Mpox (Formerly Monkeypox) Treatment

Currently, there is no specific treatment approved for mpox. However, there are several antiviral medications used to treat smallpox and other conditions that may help patients with mpox. These antivirals include: tecovirimat or ST-246 (TPOXX); brincidofovir (Tembexa); and cidofovir (Vistide), an intravenously administered antiviral used to treat cytomegalovirus retinitis in patients with AIDS. Additionally, intravenous vaccinia immune globulin (VIGIV), which is licensed for the treatment of complications from smallpox (vaccinia) vaccination, may be authorized for use to treat mpox and other pox viruses during an outbreak. NIAID played a major role in the development of both tecovirimat and brincidofovir.  

Clinical Trials 

STOMP Trial in the U.S. 

NIAID is conducting two clinical trials of tecovirimat specifically to treat patients with mpox. In September 2022, NIAID started a clinical trial of tecovirimat in the U.S. in collaboration with the AIDS Clinical Trials Group (ACTG). The trial is enrolling more than 500 adults and children with mpox at clinical research sites nationwide. Those interested in enrolling can visit stomptpoxx.org for more information. 

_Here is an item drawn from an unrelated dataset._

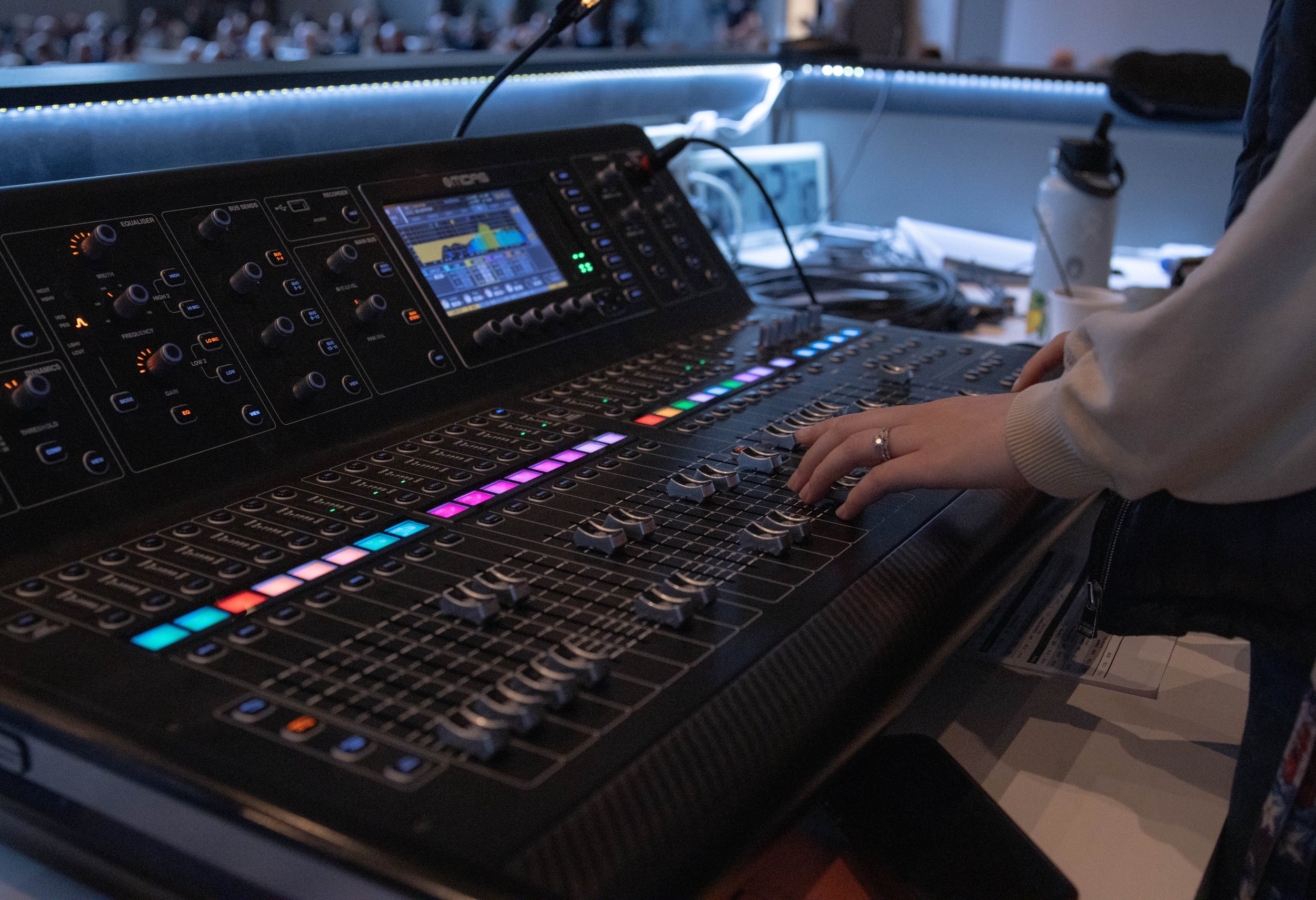 Person adjusting audio mixing console with multiple sliders and illuminated controls in a studio setting.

Adults with severe mpox or those at high risk for severe disease including individuals with underlying immune deficiency, a history of or active inflammatory skin conditions, pregnant people and children all will be enrolled in an open-label arm in which all participants receive tecovirimat. Other adult participants—530 total—will be randomly assigned in a 2:1 ratio to receive tecovirimat or placebo pills. Investigators will gather data to determine if participants receiving tecovirimat heal more quickly (all lesions scabbed over or flaked off) compared with those taking placebo.  
 

PALM Trial in the Democratic Republic of Congo

NIAID and the National Institute for Biomedical Research (INRB) are conducting a separate clinical trial of tecovirimat in adults and children with mpox in the Democratic Republic of the Congo (DRC). This project was planned before the current multi-country outbreak of mpox. The trial is being conducted under PALM (short for “Pamoja Tulinde Maisha” a Kiswahili phrase that translates to “together save lives”), a government-to-government partnership between the U.S. and the DRC. PALM’s first study was the randomized controlled trial of multiple therapeutics for Ebola virus disease, which supported the regulatory approvals of the NIAID-developed mAb114 (Ebanga) and REGN-EB3 (Inmazeb) treatments.  

Tecovirimat (TPOXX) 

NIAID funded preclinical studies of tecovirimat to determine its mechanism of action, safety, and efficacy. Subsequently, NIAID and the Biomedical Advanced Research and Development Authority (BARDA), part of the U.S. Department of Health and Human Services, funded Phase 1, and Phase 2 clinical trials to test the safety and pharmacokinetics of an oral formulation of the investigational drug. The Food and Drug Administration (FDA) approved tecovirimat in 2018 for the treatment of smallpox in adults and children; and the drug has been added to the U.S. Strategic National Stockpile for use in the event of an outbreak. It is available in both an oral and intravenous formulation. Although the antiviral was only approved for the treatment of smallpox, its FDA approval was based on studies in nonhuman primates infected with monkeypox virus (mpxv). 

Brincidofovir (Tembexa) 

NIAID also supported the early development of brincidofovir (Tembexa) as a treatment for smallpox. Similar to its support of tecovirimat, NIAID supported the discovery, preclinical development, and early clinical testing of the drug; BARDA funded its advanced clinical evaluation. The FDA approved brincidofovir for oral administration in 2021 as a smallpox treatment in adults and pediatric patients, including neonates based on animal efficacy data (rabbits infected with rabbitpox virus, and mice infected with ectromelia virus).  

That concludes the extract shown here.